I didn’t return home with a 12-step YAGHST plan. I knew I needed to rediscover my purpose, I knew I needed to create some forward momentum. I didn’t know how things might play out. But, I figured it would take a year. Or less. Because I am one of those irritating overachievers.
By June of 2019, I had purchased a house. Got to know my new neighbors. Bought furniture. Planted plants. Threw a YAGHST house-warming party.
Two months later, on a dating app unknown to any of our friends, I met Toya. (Some would call it serendipity. We call it a Black-Istani focus group of two.) At the end of our first date, Toya said to herself (but out loud), “That wasn’t so bad.”
Which I took as a sign I was getting my s**t together.
By the end of 2019, I was zeroing in on a new book contract. Things felt right.
Then, 2020 happened.
My dad was diagnosed with cancer two days before Covid shut down the country. Since my sisters had young kids, I immediately hopped on a flight and spent the first months of the pandemic living with my parents in their two-bedroom condo.

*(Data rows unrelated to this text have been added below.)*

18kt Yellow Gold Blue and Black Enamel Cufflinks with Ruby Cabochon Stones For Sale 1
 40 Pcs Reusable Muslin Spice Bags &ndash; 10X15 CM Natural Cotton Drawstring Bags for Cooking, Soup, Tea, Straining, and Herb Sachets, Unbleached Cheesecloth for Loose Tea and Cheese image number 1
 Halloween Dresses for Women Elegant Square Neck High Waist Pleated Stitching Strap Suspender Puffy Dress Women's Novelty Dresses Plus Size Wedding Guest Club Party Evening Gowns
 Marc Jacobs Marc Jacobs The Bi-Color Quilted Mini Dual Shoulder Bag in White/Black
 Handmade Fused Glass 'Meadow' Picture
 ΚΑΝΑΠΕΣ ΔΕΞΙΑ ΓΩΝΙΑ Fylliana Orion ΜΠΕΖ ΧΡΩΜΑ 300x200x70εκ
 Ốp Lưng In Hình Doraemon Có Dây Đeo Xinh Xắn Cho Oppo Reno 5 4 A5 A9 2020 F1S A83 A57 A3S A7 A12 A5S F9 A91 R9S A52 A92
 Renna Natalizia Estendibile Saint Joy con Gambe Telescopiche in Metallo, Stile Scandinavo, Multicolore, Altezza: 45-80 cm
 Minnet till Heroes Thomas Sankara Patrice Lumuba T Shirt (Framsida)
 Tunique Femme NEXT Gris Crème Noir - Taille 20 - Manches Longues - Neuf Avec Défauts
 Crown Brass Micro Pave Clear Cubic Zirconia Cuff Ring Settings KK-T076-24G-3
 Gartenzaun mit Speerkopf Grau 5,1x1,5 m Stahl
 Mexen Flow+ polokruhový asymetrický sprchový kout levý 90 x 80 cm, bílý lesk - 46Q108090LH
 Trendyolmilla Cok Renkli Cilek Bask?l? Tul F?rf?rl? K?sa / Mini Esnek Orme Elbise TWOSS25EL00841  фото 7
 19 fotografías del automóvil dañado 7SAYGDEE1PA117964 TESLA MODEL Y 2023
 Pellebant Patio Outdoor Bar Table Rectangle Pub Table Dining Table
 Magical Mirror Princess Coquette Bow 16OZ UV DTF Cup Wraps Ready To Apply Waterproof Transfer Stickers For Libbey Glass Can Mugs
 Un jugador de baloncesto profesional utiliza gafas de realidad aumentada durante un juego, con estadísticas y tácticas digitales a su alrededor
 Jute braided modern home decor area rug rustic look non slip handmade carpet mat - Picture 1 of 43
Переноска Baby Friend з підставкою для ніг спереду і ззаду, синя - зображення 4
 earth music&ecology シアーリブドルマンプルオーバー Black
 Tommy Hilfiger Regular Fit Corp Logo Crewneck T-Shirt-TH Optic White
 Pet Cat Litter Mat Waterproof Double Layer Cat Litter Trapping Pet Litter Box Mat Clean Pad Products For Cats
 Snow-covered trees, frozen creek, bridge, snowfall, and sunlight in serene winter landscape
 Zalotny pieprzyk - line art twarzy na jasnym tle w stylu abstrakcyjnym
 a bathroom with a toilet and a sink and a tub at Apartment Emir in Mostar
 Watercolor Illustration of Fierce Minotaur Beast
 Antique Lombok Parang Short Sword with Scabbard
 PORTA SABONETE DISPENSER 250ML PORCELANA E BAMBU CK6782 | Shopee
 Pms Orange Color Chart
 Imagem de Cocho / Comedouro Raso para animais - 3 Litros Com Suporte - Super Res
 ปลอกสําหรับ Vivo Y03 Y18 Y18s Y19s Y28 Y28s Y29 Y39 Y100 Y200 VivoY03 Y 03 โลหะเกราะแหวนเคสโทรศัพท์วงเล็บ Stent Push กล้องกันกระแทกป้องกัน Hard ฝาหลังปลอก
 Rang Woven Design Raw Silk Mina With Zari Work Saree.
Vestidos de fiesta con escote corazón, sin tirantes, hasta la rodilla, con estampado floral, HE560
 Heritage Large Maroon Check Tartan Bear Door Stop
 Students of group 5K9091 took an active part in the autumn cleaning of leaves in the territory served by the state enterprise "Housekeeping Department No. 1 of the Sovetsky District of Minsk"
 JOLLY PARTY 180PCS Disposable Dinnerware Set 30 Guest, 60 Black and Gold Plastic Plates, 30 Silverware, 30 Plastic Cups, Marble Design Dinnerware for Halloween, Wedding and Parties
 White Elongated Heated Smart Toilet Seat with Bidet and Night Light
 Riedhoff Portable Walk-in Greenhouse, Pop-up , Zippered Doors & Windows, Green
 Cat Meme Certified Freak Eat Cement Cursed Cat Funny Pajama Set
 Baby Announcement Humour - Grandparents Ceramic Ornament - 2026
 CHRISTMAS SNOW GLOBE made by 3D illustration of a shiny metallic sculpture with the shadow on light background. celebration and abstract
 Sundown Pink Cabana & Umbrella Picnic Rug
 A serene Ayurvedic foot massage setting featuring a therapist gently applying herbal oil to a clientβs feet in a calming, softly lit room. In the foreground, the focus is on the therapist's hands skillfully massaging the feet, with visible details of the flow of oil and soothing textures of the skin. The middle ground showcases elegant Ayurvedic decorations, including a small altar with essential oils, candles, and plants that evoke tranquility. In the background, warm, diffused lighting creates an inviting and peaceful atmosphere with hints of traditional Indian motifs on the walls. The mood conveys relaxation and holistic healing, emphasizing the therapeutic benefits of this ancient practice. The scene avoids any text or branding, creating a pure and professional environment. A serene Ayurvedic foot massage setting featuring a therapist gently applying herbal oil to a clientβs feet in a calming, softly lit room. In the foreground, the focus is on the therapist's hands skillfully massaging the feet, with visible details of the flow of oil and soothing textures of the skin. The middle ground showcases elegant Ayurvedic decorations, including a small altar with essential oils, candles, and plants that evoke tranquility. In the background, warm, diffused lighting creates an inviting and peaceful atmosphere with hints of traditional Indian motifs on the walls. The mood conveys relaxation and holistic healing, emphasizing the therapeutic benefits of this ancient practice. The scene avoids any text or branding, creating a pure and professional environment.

It was nerve-wracking. My dad was in and out of the hospital for days at a time. Since Covid protocols barred hospital visitors, the best my sisters could do is send food to the floor nurses while my mom and I talked, cooked and watched MacGyver. A lot of MacGyver.
After over twenty years on the East Coast, the stress of those months reconnected me to my parents. My dad’s determination (and seriousness). My mom’s love (and sense of humor). Surprisingly, it was some of the best time of my life.
During one of my dad’s hospital stays, I convinced my mom to share her story over a two-part podcast. I heard new stories of my parents’ sacrifice, the family she left in Pakistan, and how luck combined with perseverance to build the lives my sisters and I enjoyed. I realized anew that my parents had lived life with a clear purpose. And that purpose was us.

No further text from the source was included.